Mataram – Anggota DPD RI dapil Nusa Tenggara Barat, Evi Apita Maya mengajak semua pihak khususnya jajaran anggota DPD RI dengan potensi daerah kepulauan disetiap asalnya untuk mengawal agar segera di sahkannya Rancangan Undang-Undang tentang Daerah Kepulauan yang merupakan inisiatif DPD RI menjadi Undang-Undang oleh DPR RI dan Pemerintah.

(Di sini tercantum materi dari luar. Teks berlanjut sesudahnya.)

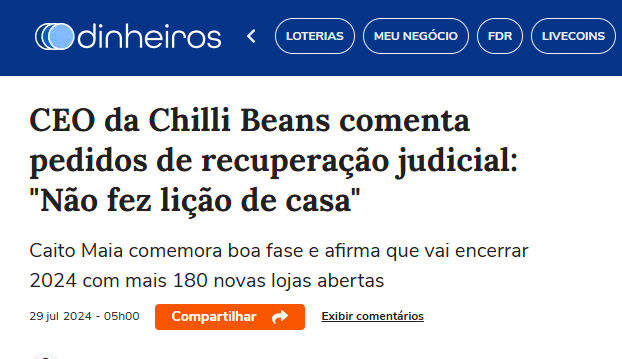 odanielscott's tweet photo. 2022: fez o L

2023: falou que ia negociar em yuan

2024: debochou de quem estava entrando em recuperação judicial

2025: defendeu o fim da escala 6x1 e disse que já estava adotando isso

2026: analisa entrar em recuperação judicial

O Brasil é um grande episódio do The Office! https://t.co/VzX1JM51Wd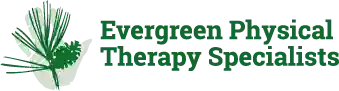 Evergreen Physical Therapy Specialists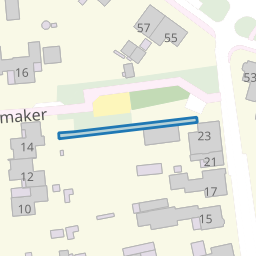 Perceel DDN02-A-8343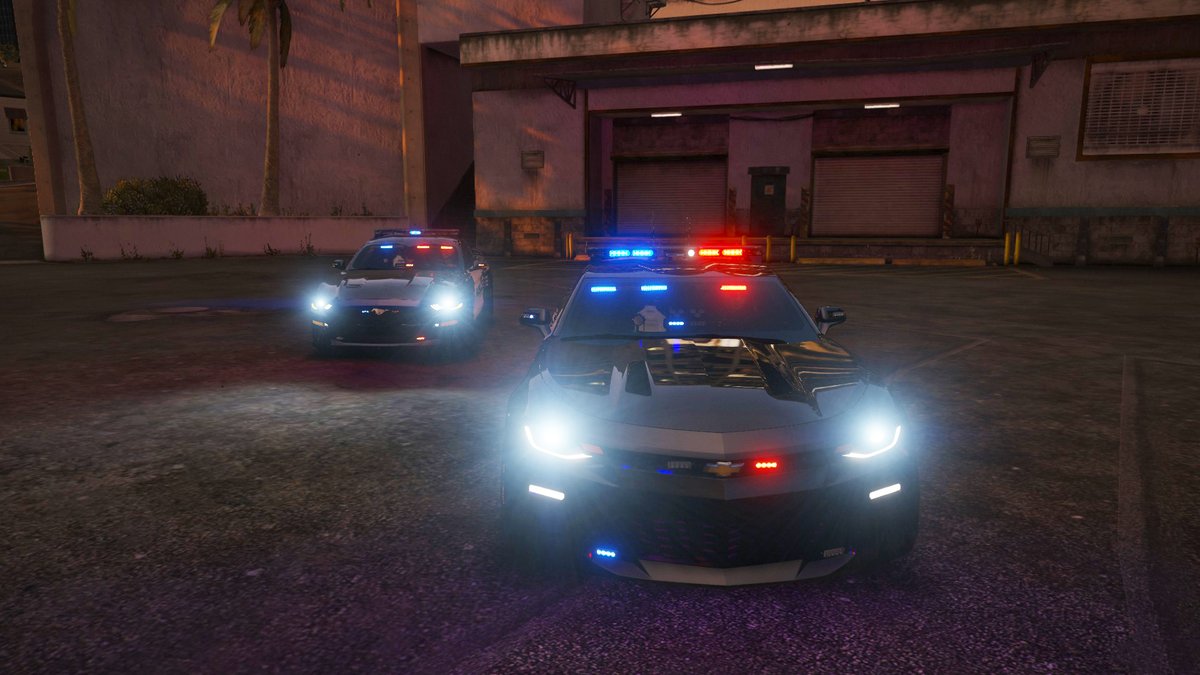 MatthieuKiwi's tweet photo. Les deux pépite du LSPD ! 😁 https://t.co/R6C7n1EpSw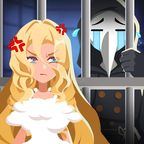 明星小侦探 vv1.0.17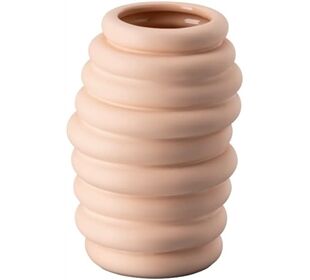 Selection Hop / Cameo Vase 10 cm Hop Cameo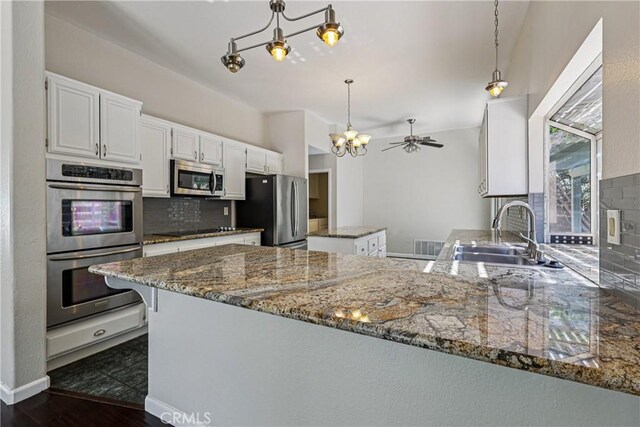 39671 Corte Sta, Barbara, Murrieta, CA 92563 - photo 12
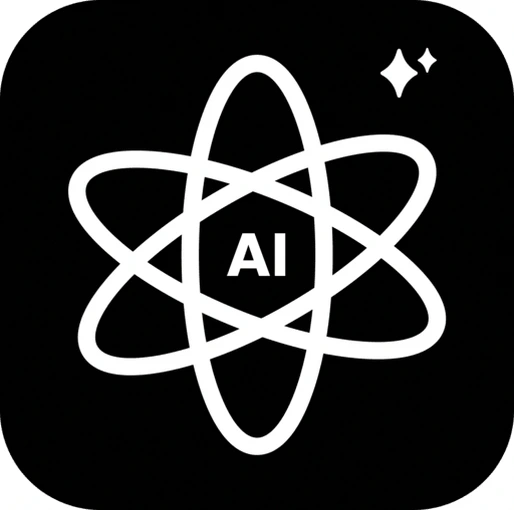 Alura: AI Chat Photo Generator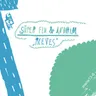 Reeves cover art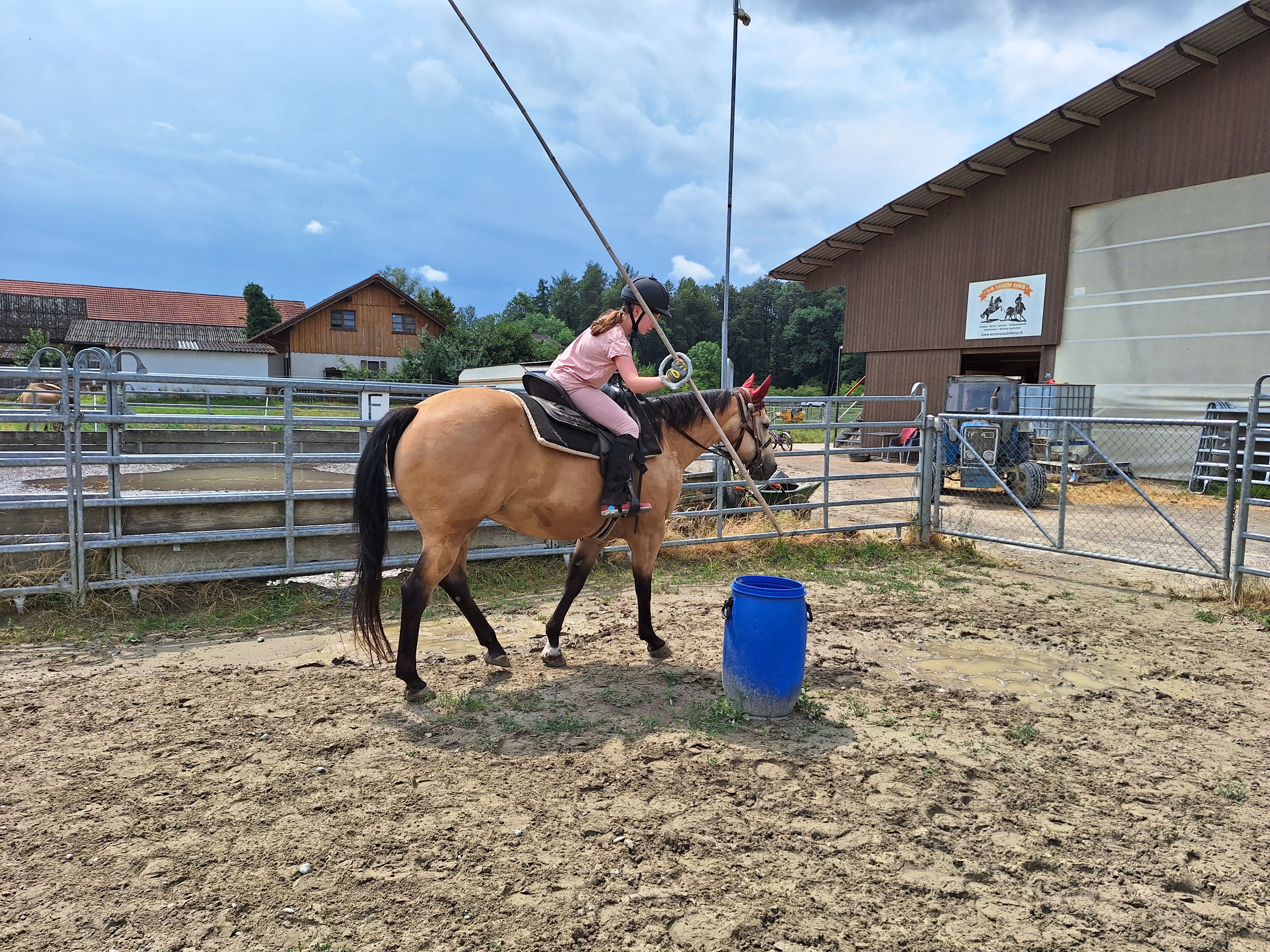 Reitlager 1 vom 8.-13.7.23 (123)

Evi Apita Maya menjelaskan, progres RUU ini telah dirampungkan namun masih belum disahkan. “RUU ini sudah lama masuk Prolegnas (Program Legislasi Nasional), tetapi belum juga disahkan oleh DPR dan Pemerintah. Padahal itu adalah wujud konkret keberpihakan DPD RI kepada daerah, terutama daerah kepulauan. Untuk itu saya mengajak semua, terutama Senator dari daerah kepulauan, termasuk anggota DPD RI terpilih, yang nanti akan dilantik, untuk menyuarakan hal ini,” ucap Evi saat dikonfirmasi pada Sabtu (4/5).
Master lulusan Universitas Mataram itu mengungkapkan landasan berpikir dari RUU produk DPD RI tersebut sangat fundamental. Yaitu agar deklarasi Juanda 13 Desember 1957, yang menyebutkan bahwa NKRI adalah sebuah Negara Kepulauan yang berciri Nusantara dengan wilayah yang batas-batas dan haknya ditetapkan dengan undang-undang.

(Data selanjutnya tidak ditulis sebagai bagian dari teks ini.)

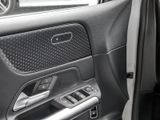 MERCEDES-BENZ B 200 // PROGRESSIVE SPUR AHK KAMERA PDC SHZ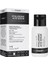 The Inkey Lıst Hyaluronic Acid Serum - Serum 100 ml 4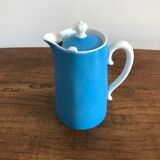 Former coffee maker B-C France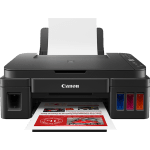 Canon Pixma G3510 Canon Pixma G3510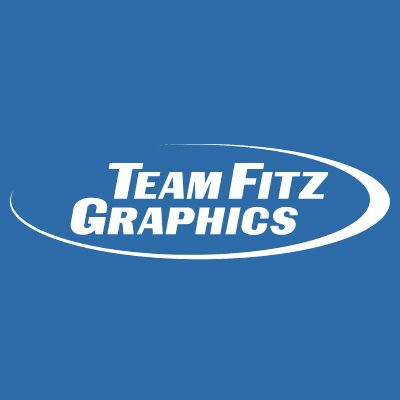 Team Fitz Graphics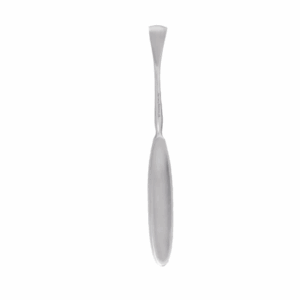 ELEVATEUR PERIOSTE DE LANGENBECK
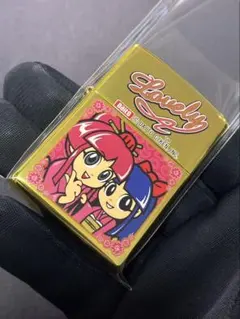2026年最新】吉宗 zippo 姫の人気アイテム - メルカリ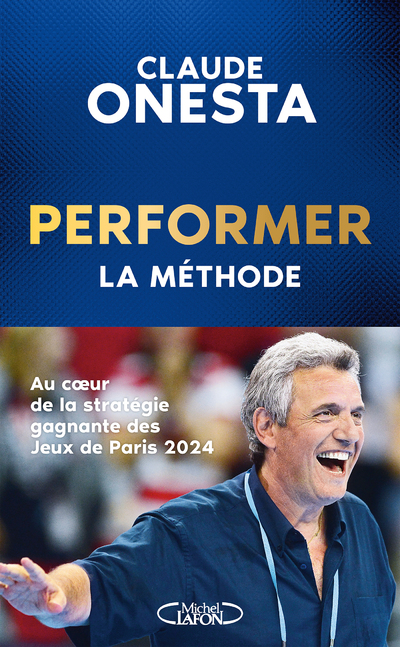 PERFORMER - LA METHODE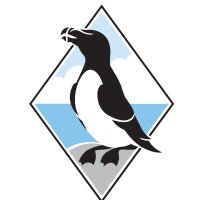 Pembrokeshire Coast National Park (@pembscoast) 's Twitter Profile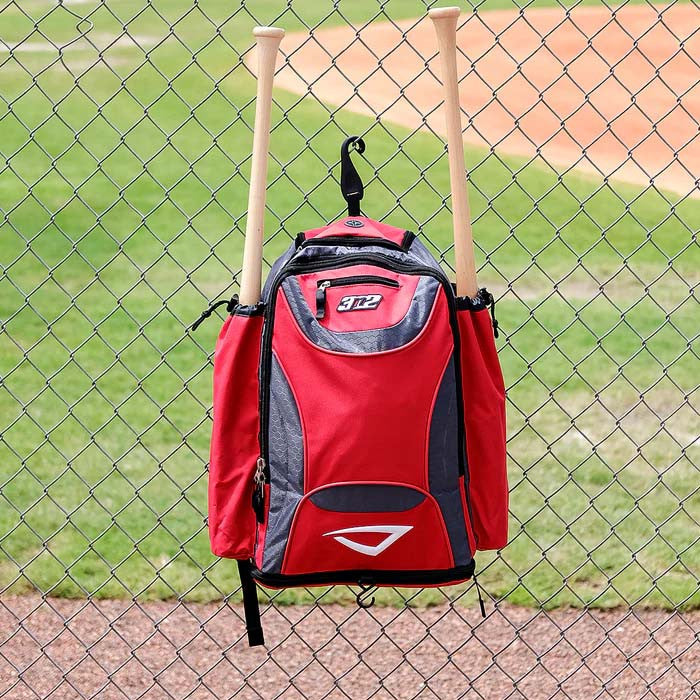Revo Bat Pack by 3N2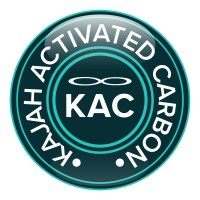 Kajah Activated Carbon logo - Similar company to Engineering Performance Solutions Llc
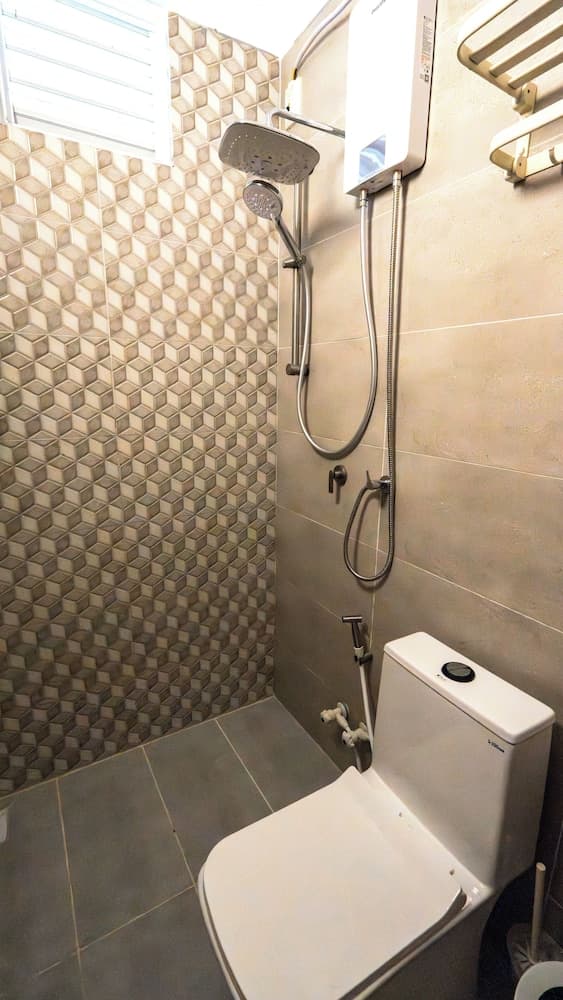 Water Cloud Mathiveri - View 45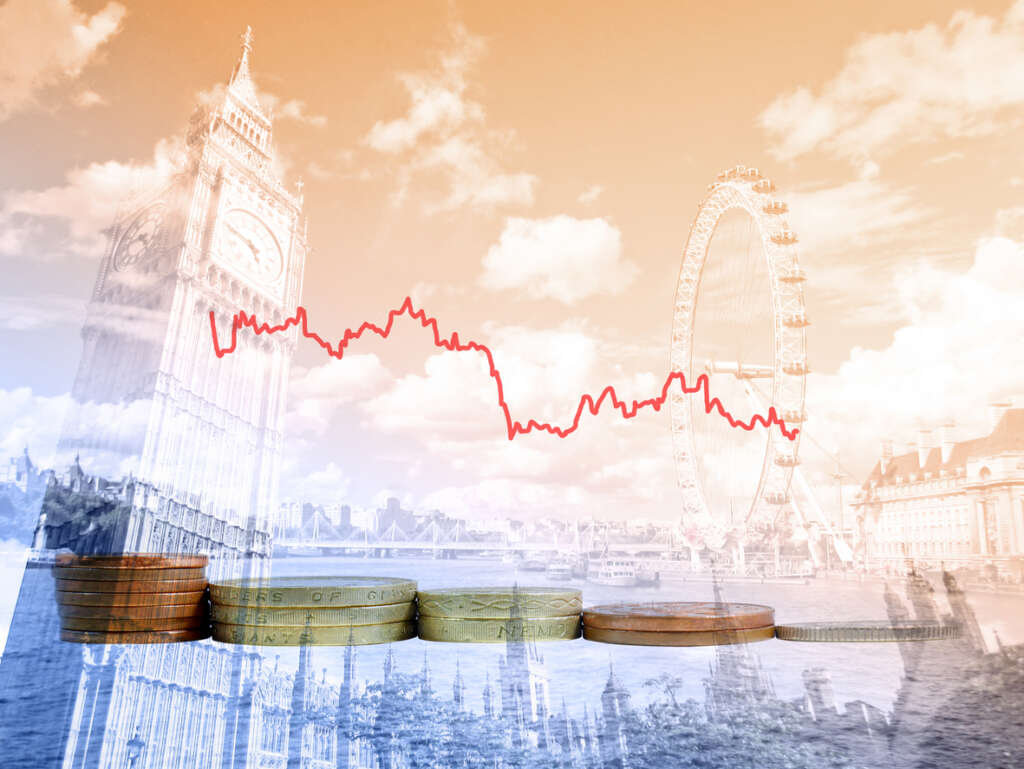 For a European Transformation sustainable investing must become easier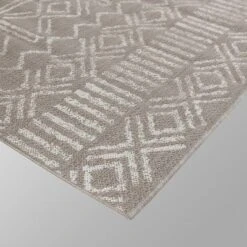 Outdoor Rug Global Block - Opalhouse™ 7 Outdoor Rug Global Block - Opalhouse™ -Opalhouse GUEST 51f20f12 c6e3 45cd a705 022d1c73c20b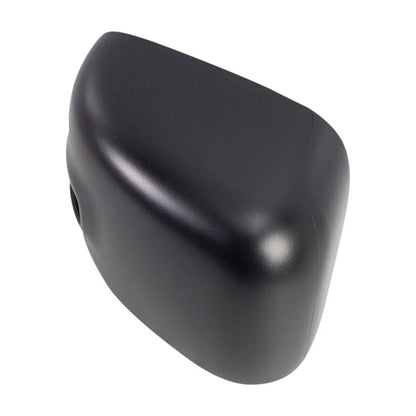Wing Mirror Cover Cap Driver Right for Jeep Renegade (2015-2022)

“Karena menurut saya akan menjadi paradok, jika negara kepulauan dengan daerah-daerah kepulauannya, tetapi tidak atau belum memiliki Undang-Undang tentang Daerah Kepulauan,” katanya.

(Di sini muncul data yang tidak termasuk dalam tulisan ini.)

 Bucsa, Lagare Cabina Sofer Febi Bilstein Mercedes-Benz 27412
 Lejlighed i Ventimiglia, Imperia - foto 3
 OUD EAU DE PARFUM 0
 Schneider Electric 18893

Selain itu, sebagai afirmatif dari negara terhadap rakyat di daerah kepulauan yang merasakan ketimpangan dan memerlukan biaya lebih tinggi dalam proses pembangunan, dibanding daerah daratan. “Terutama daerah pesisir, pulau-pulau kecil dan pulau-pulau paling terluar yang masih berstatus daerah 3T yaitu Terisolir, Tertinggal dan Termiskin,” imbuhnya.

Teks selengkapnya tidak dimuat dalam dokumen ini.